This is contained in Ephes. iv. 16: “From which the whole body fitly framed together,
and compacted by that which every joint supplieth, according to the effectual working in
the measure of every part, maketh increase of the body unto the edifying of itself in love.”
In the first place, the apostle does full justice to the divine ordinance and honors the divine
disposition in the “joining together” and “Compacting “and “joints of supply”; and then,
by this clearly defined path, he returns with the words, “To the edifying of itself in love,” to
the deep mystery of this holy intimacy.
It is easy to cultivate love without regarding the truth. It requires neither conflict nor
exertion. We simply file down every rough place and rub away every wrinkle; and at last
nothing remains to oppose love. But in that way the Lord’s disposition is simply set aside,
His ordinance made of no effect, and His truth stumbles in the street.
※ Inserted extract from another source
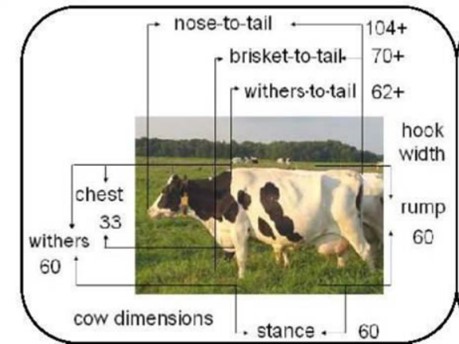 A cow standing in a field with body measurements superimposed over the image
But if you acknowledge
the truth and the divine counsel and disposition; if you do not cavil at the divine ordinance
and arrangement; if you do not plane, file, and level, but seek the union of spirits in such a
way that together they form a whole, so that the teeth of the wheels always clasp each oth-
er—then the cultivation of love meets many more obstacles and requires infinitely more
care and labor. But finally it will be crowned with the glorious success of obtaining love
without sacrificing divine truth.
Or to express it more comprehensively: God Himself is the greatest obstacle in the way
of that quickly grown and immature love. If God did not exist, two seriously minded men
could be made to agree much more easily. Then they would be at liberty to dispose and ar-
range matters to suit themselves, according to their own choice. But God exists; hence the
disposition of things must be according to His choice. In the covenant of love between two
persons He is always the Third, and claims that He and His name be not sacrificed to their
mutual love. Hence all the conflict, difficulty; and vexation of spirit. Among God’s people
love in whatever form is ever subject to the first and greatest commandment: God first and


XXX. Organically One.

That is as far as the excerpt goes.